Neulinge dürfen erst einmal nur mit Luftdruck-Waffen schießen
Doch selbst der Weg zu einer Waffenbesitzkarte ist sehr weit. „Neulinge schießen bei uns erst einmal nur mit Luftdruck-Waffen“, erläutert Dudde. „Wir müssen den Menschen ja erst kennenlernen.“ Erst nach einem Jahr kann dann eine waffenrechtliche Erlaubnis beantragt werden, die von der Waffenbehörde (Hamburg), beziehungsweise den Ordnungsämtern (Schleswig-Holstein) erteilt wird.
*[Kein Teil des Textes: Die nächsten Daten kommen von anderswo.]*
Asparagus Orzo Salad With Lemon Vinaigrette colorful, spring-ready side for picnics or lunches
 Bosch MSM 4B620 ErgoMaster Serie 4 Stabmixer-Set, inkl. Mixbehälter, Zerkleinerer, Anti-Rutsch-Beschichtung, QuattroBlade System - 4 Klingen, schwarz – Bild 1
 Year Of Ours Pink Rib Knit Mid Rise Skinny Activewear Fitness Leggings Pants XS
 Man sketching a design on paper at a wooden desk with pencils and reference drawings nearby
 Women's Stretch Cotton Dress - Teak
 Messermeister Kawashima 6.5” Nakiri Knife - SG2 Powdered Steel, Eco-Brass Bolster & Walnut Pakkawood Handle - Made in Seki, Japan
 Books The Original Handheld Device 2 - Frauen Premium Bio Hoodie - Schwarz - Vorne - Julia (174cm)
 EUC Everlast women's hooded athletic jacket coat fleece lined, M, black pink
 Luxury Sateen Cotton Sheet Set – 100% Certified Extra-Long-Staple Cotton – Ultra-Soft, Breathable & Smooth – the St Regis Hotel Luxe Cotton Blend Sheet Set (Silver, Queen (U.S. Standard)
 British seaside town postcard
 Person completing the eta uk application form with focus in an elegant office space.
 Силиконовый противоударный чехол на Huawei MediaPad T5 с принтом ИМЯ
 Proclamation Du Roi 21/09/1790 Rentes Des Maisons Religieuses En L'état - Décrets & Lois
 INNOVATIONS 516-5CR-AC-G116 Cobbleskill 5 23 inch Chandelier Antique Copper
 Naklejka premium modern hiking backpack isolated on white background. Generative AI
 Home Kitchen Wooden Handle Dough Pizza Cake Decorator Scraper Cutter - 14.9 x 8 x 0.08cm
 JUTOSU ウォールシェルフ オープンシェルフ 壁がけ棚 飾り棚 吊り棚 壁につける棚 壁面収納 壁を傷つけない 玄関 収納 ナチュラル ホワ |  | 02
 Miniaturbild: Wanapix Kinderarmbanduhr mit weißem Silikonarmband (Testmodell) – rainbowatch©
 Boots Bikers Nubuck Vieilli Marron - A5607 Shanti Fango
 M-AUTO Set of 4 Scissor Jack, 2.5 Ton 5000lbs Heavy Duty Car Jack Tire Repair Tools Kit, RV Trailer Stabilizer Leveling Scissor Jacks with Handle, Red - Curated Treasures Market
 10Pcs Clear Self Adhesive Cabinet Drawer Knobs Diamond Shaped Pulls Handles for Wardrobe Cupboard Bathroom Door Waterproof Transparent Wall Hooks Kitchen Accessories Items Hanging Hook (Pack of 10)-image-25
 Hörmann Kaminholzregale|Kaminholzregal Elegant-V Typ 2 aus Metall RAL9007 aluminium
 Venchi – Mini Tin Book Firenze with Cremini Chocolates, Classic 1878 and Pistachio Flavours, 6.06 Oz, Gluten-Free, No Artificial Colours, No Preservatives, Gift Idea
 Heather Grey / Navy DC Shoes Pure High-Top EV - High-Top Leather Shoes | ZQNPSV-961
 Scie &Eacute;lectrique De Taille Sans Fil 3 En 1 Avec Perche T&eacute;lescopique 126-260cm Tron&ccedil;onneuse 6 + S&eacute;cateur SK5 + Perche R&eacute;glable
Wer es schließlich zu einer eigenen Waffe gebracht hat, muss auch weiterhin unter Beweis stellen, dass er charakterlich dazu geeignet ist, diese zu besitzen. Wer zum Beispiel dabei erwischt wird, wie er betrunken Auto fährt, verliert automatisch auch seine Waffenbesitzkarte.
„Daher verstehe ich die ganze Diskussion nicht“, betont Dudde. „Es ist nicht so, dass wir in Deutschland einfachen Zugang zu Waffen haben.“ Doch so oder so dürften auf die Schützenvereine nun schwierige Zeiten zukommen, ganz egal, was die Politik irgendwann entscheidet. „Diese Diskussion ist für unseren Sport allein schon ein Schlag ins Kontor“, betont Bock. Doch trotz aller Rückschläge werden die Hamwarder auch weiterhin für das Sportschießen werben, nach neuen Mitgliedern suchen und dem nächsten deutschen Meister. Vielleicht findet der sich ja schon beim kommenden Dorffest im Juli.